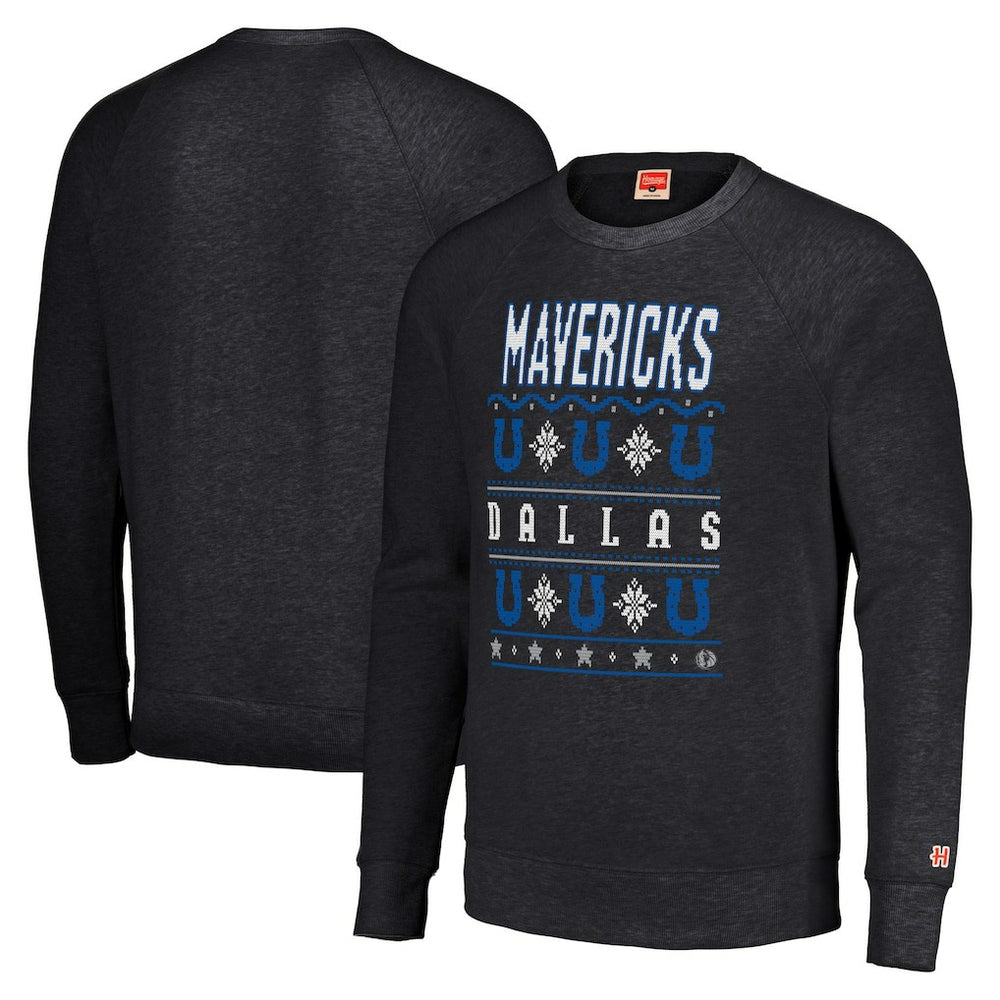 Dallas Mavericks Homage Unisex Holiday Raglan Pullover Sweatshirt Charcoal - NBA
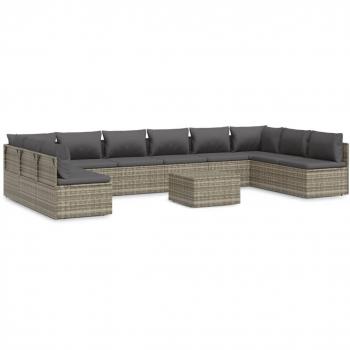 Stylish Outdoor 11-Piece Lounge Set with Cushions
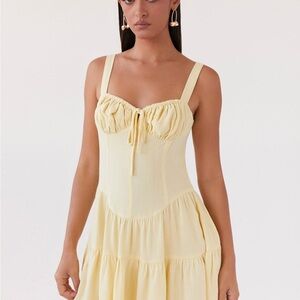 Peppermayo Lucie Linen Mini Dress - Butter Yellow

# # # # #

| Task description |
From the first line to the last, retype the data above exactly, but not its images.

| Reply |
 Dallas Mavericks Homage Unisex Holiday Raglan Pullover Sweatshirt Charcoal - NBA
 Stylish Outdoor 11-Piece Lounge Set with Cushions
 Peppermayo Lucie Linen Mini Dress - Butter Yellow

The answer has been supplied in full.